Would you reproduce exactly, and only, the lines starting at the one with "Prodej stavebního pozemku" and ending at the last line of the data, with both included? Leave the pictures out.

== RAW DATA

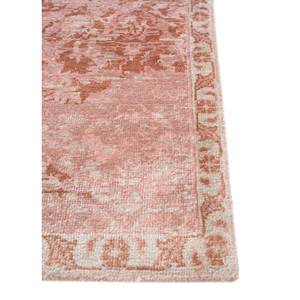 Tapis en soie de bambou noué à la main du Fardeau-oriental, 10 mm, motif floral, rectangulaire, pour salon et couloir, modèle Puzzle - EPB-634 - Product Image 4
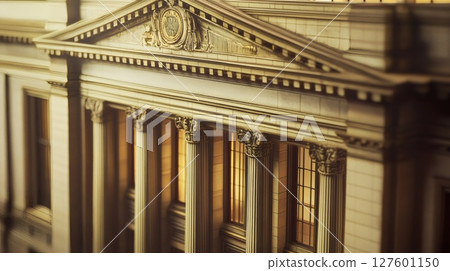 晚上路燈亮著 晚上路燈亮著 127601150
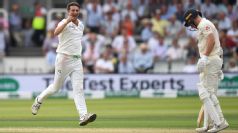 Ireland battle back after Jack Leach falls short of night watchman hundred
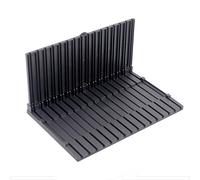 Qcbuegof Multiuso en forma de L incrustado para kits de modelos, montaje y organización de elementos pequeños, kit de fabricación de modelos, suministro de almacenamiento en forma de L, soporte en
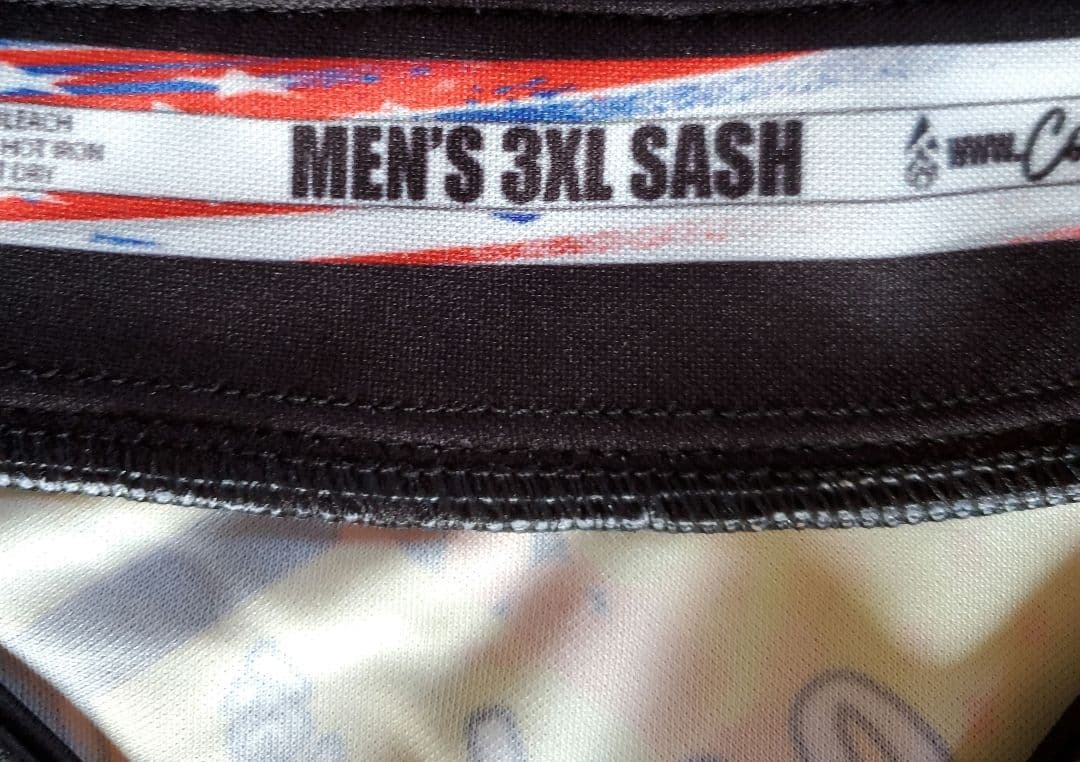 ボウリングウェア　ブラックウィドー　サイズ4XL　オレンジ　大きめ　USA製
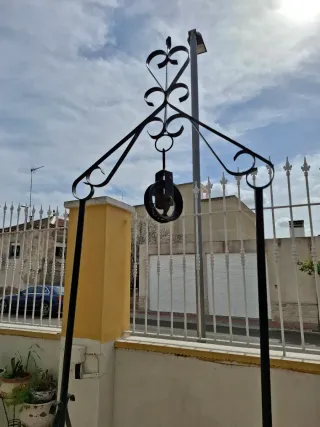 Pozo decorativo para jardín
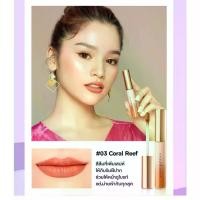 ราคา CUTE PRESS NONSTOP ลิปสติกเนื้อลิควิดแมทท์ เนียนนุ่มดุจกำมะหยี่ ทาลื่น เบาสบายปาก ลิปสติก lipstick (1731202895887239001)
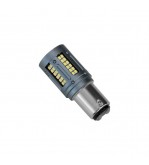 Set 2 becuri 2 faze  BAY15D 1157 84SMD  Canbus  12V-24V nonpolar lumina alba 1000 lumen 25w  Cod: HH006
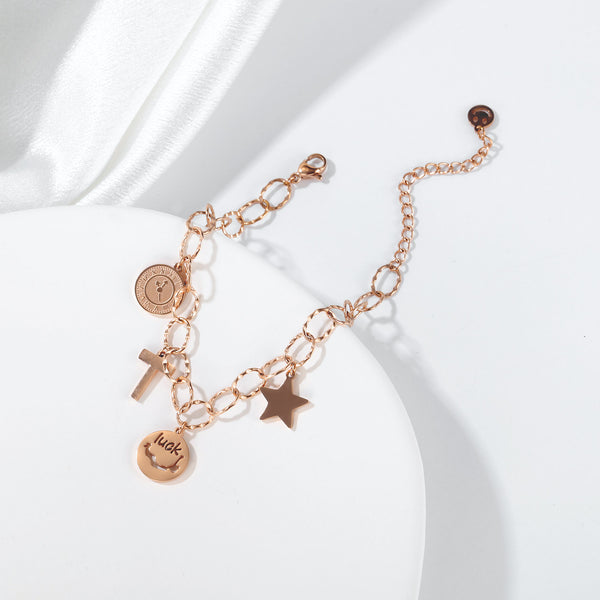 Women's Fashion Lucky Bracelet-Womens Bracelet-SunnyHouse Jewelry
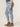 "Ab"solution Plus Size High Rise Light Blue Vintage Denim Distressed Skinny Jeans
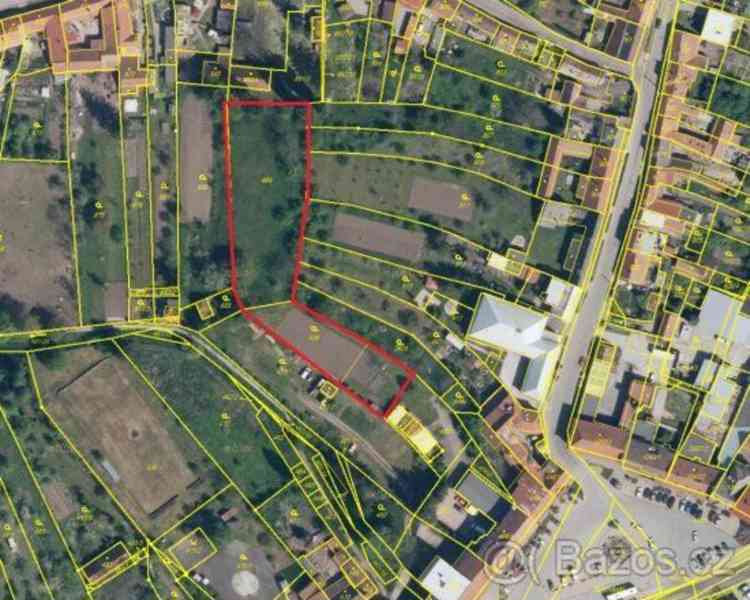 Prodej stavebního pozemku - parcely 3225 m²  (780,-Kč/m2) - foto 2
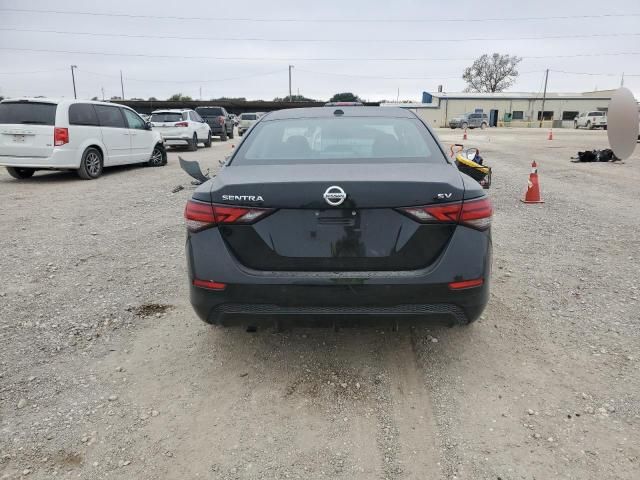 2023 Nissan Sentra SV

====

§ **REPLY**
 Prodej stavebního pozemku - parcely 3225 m²  (780,-Kč/m2) - foto 2
 2023 Nissan Sentra SV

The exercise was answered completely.